▶ [Dataset]
BEGIN
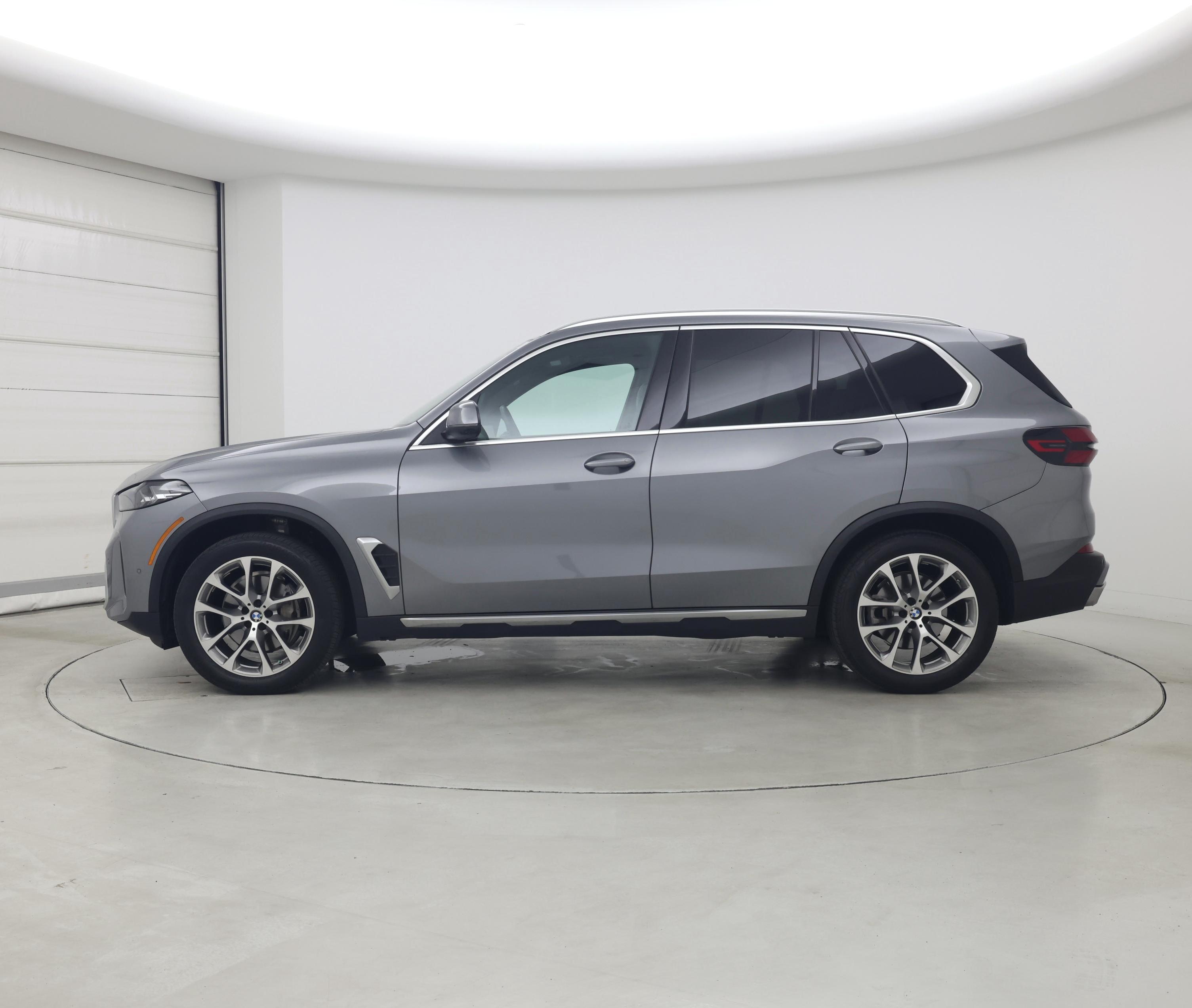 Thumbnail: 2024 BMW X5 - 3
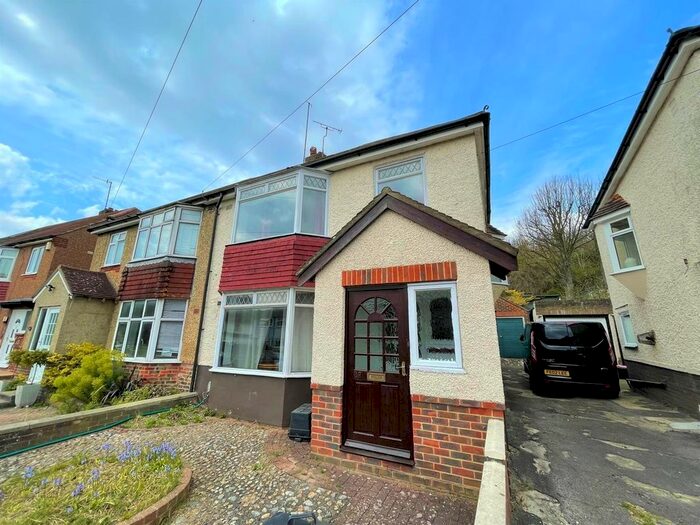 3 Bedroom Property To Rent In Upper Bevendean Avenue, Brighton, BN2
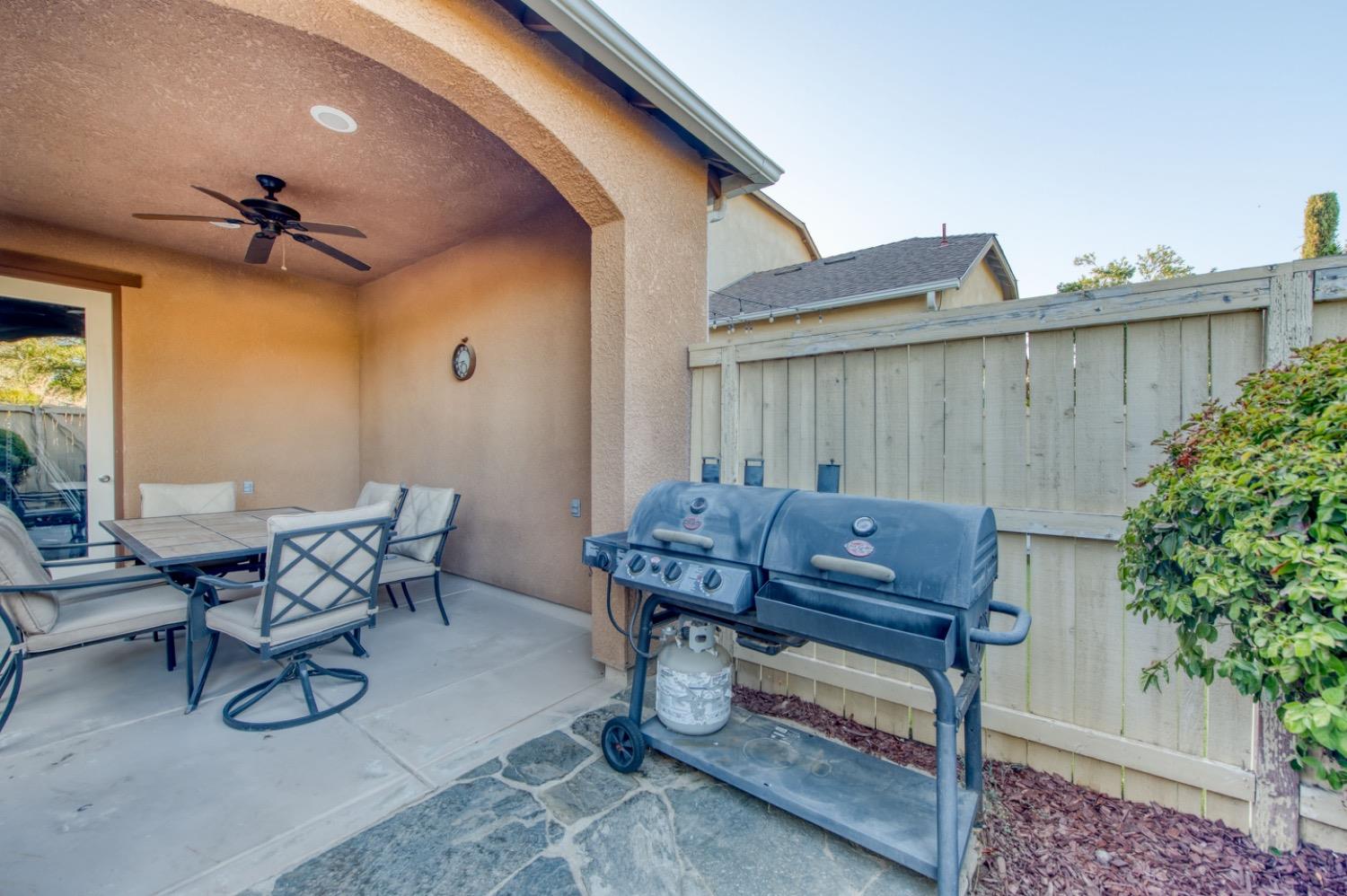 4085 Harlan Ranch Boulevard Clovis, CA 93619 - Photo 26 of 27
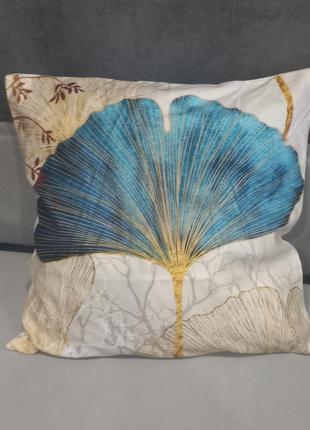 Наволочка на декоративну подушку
END
BEGIN
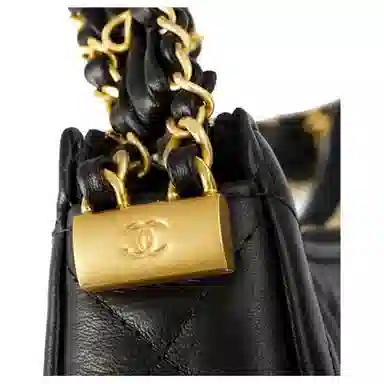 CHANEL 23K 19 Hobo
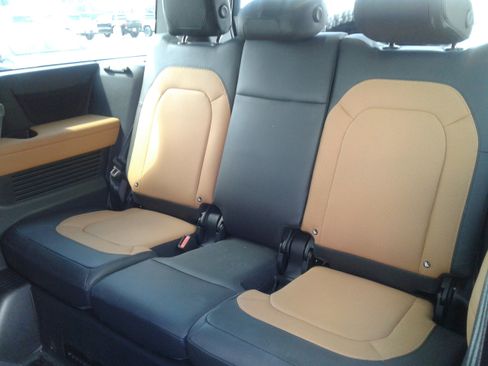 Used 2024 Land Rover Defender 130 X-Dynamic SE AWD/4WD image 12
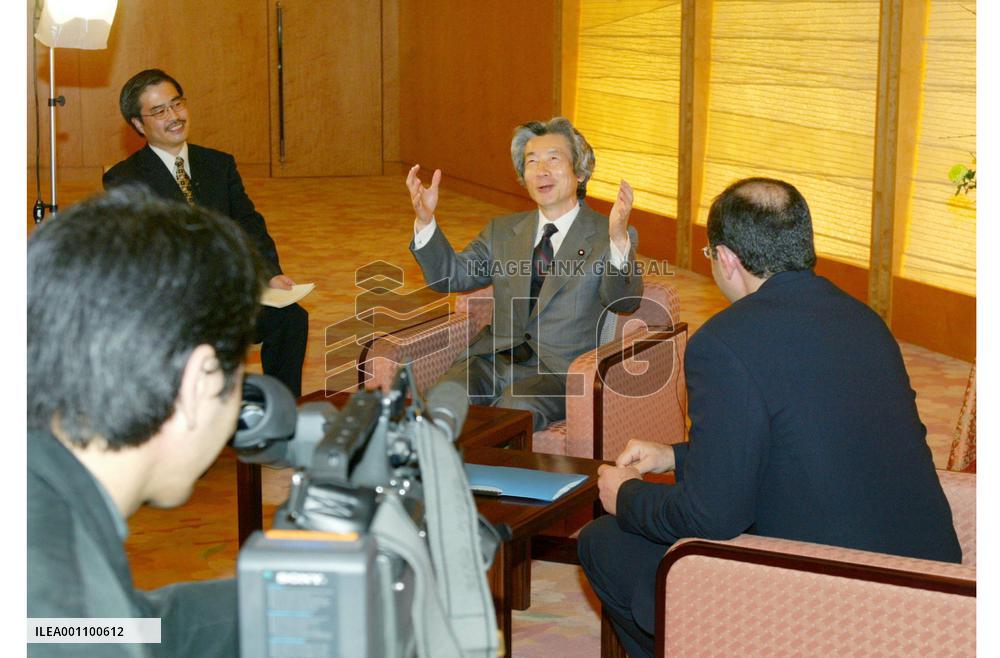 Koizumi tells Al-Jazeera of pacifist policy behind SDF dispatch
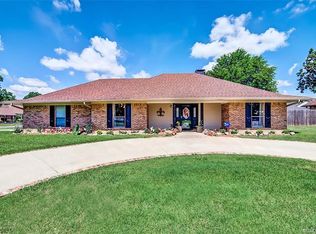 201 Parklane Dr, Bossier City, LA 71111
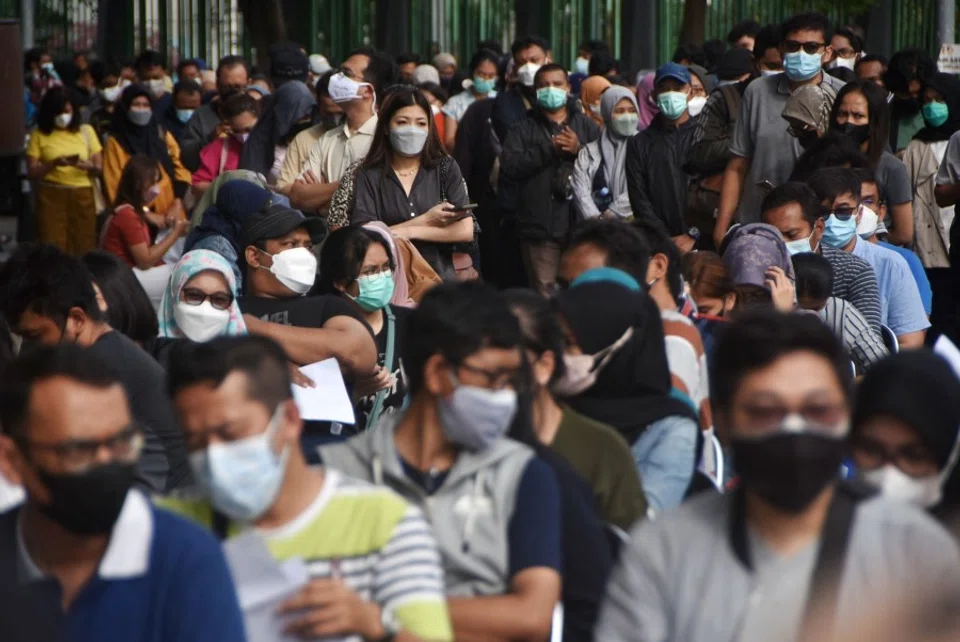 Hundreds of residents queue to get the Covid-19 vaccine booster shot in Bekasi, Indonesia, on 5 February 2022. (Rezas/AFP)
END
▶ [What you should do] Your output should be the lines above from the one that contains "4085 Harlan Ranch" through the one that contains "Наволочка на декоративну подушку", word for word, with pictures left out.

▶ [The answer]
 4085 Harlan Ranch Boulevard Clovis, CA 93619 - Photo 26 of 27
 Наволочка на декоративну подушку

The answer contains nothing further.